La Nouvelle-Zélande est elle plus discrète avec une huitième place, derrière le pays organisateur, mais élève son total de médailles par rapport à l’édition 2019 avec dix médailles d’or, treize d’argent et douze de bronze. En dominant les épreuves d’haltérophilie et d’athlétisme, les kiwis peinent néanmoins à concurrencer les autres athlètes du Pacifique dans des disciplines qui leur sont moins familières. 

Les organisateurs de la compétition, pour la première fois de leur histoire, les Îles Salomon, ont déjoué les pronostics en terminant septième du tableau des médailles devant notamment les Tonga et Nauru, des nations qui les avaient devancés en 2019 aux Samoa. 36 médailles il y a quatre ans et 80 en 2023, le bilan est extraordinaire pour ce pays d’à peine 710 000 habitants. Le fait d’être le pays organisateur joue sûrement un rôle dans cette réussite sans égale. En effet, les Samoa se sont hissés sur le podium des Jeux du Pacifique 2019, l’année où ils les organisaient, avec 125 médailles, mais ils n’en ont obtenu que 76 durant cette édition. Reste à savoir si les athlètes salomonais et salomonaises vont réitérer cet exploit en 2027, à Tahiti. 

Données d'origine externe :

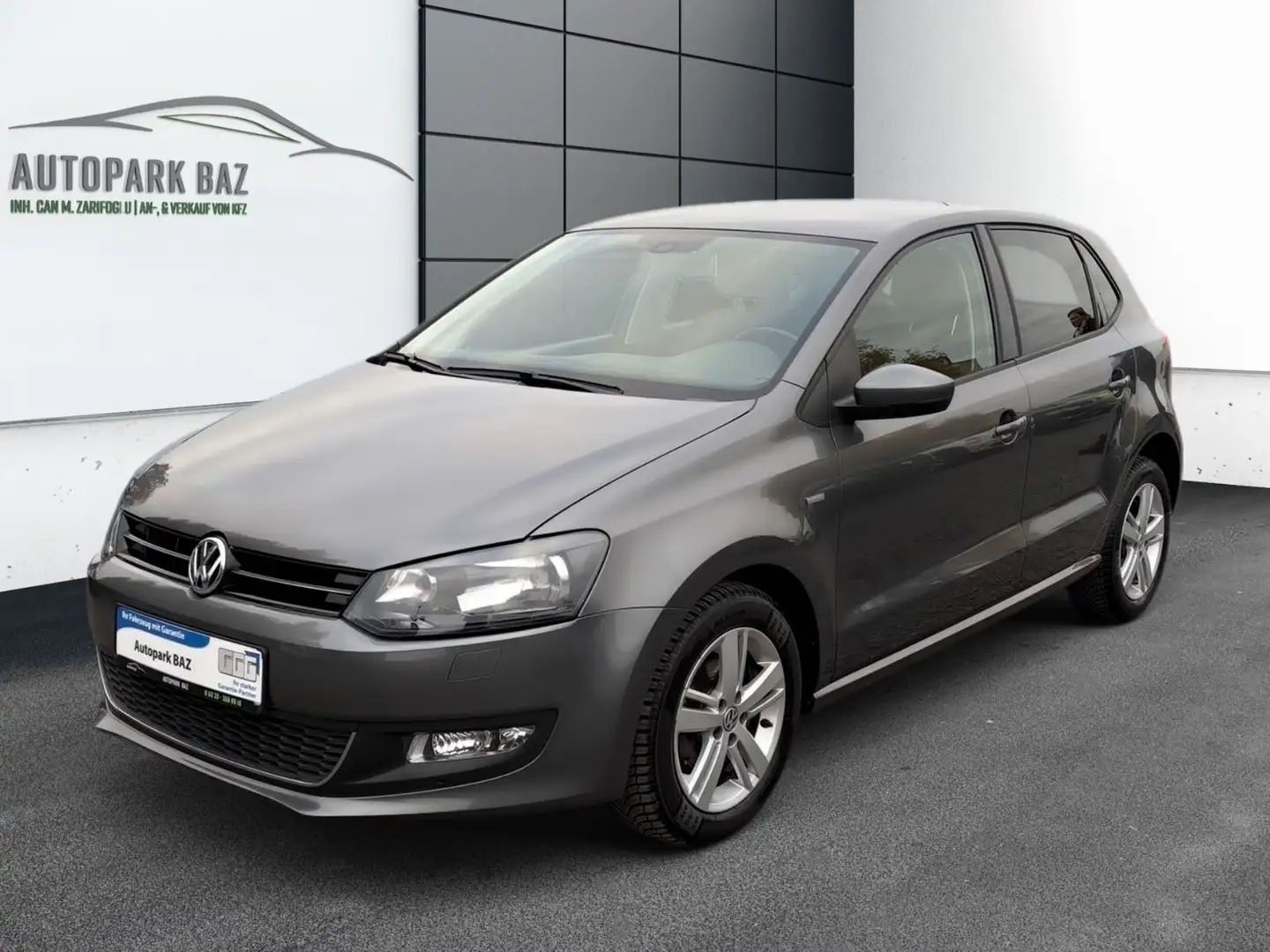 Volkswagen Polo V Life AUTOMATIK *1.HAND*KLIMA*SH*PDC*ALU* Gris - 1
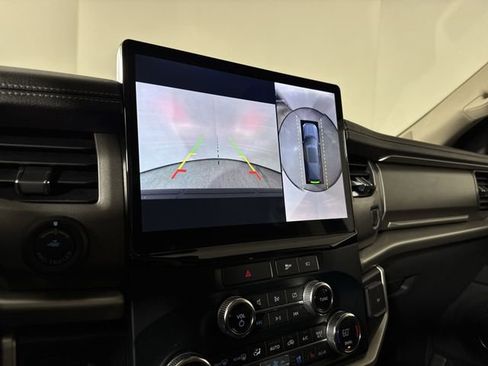 Used 2022 Ford Expedition Max XLT image 9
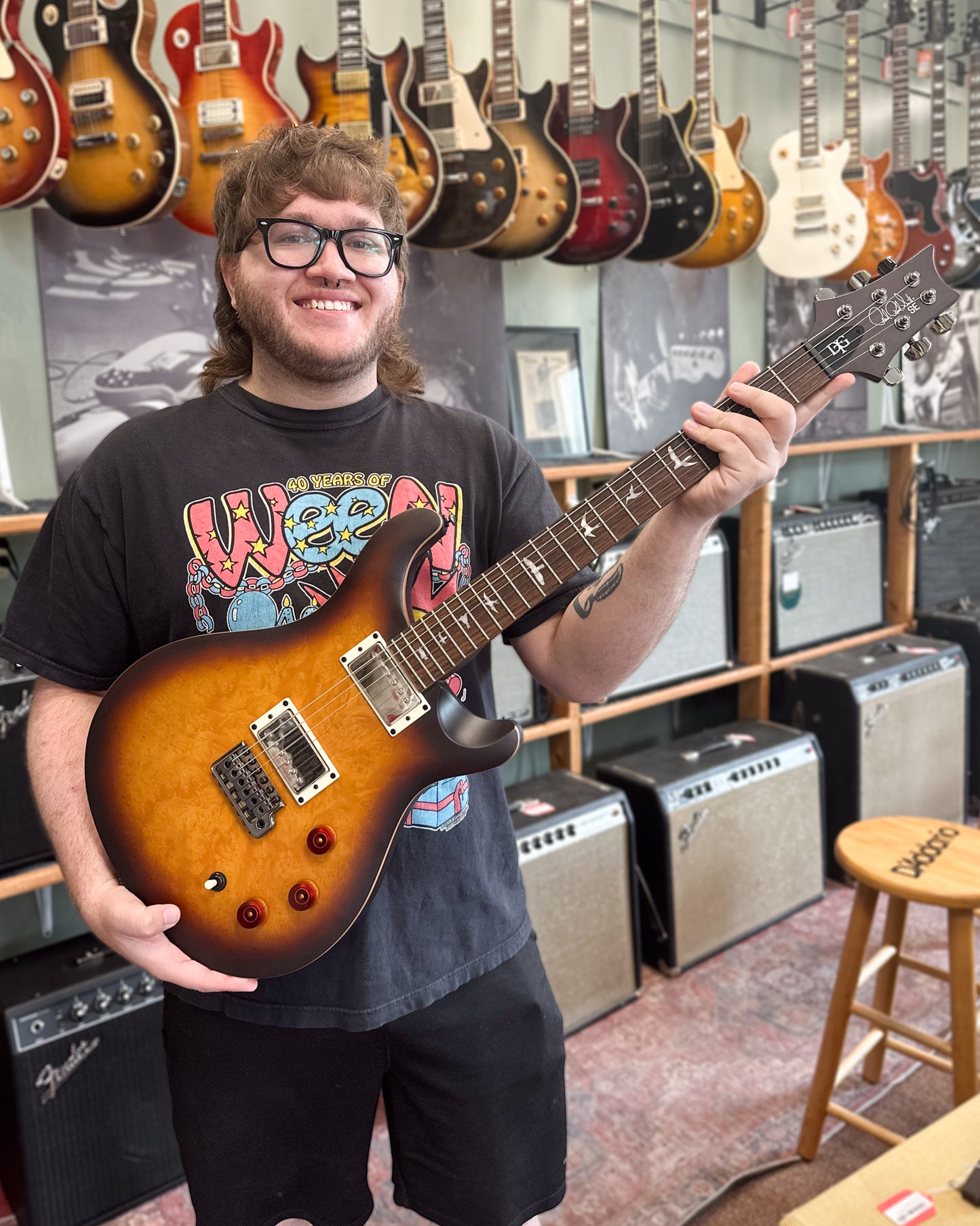 Showroom photo of PRS SE DGT Limited Edition Laurel Burl Electric Guitar & Gigbag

Au bout du suspens, les footballeurs des Îles Salomon s’inclinent en finale contre la Nouvelle-Calédonie. (crédit : Pacific Games News Service)

Enjeu extra-sportif

Comme leur grand-frère, les Jeux olympiques, les Jeux du Pacifique, en particulier ceux de 2023, intéressent tout autant les puissances régionales et les plus petites nations. La Chine et l’Australie l’ont bien compris et ont tenté d’exercer leur influence sur cette compétition de plusieurs manières possibles. 

Pékin avait signé un accord en 2022 pour formaliser la coopération entre les forces de l’ordre salomonaise et chinoise, qui était présentes depuis 2021 sur l’archipel. Mais la puissance australienne n’a pas pour intention de rester passive devant l’extension de la sphère d’influence chinoise dans le Pacifique. Et c’est pourquoi elle a aussi participé à la sécurité des Jeux en fournissant du matériel tel que des véhicules terrestres et aériens mais aussi du personnel avec 100 policiers et 300 militaires qui se sont déplacés jusqu’à Honiara, là où se tenait l’événement. 

L’accord entre la Chine et les Îles Salomon prévoyait aussi la construction d’un stade de 10 000 places et de plusieurs infrastructures pour accueillir les athlètes venus de tout le Pacifique insulaire. Pendant la cérémonie de livraison en avril 2023, le Premier ministre salomonais Manasseh Sogavare a tenu a remercié le gouvernement, mais à la fois le peuple chinois pour la réalisation du nouveau Stade National, un discours fort qui inquiète l’Australie et les Etats-Unis quant à la présence de cette puissance ennemie dans les territoires du Pacifique.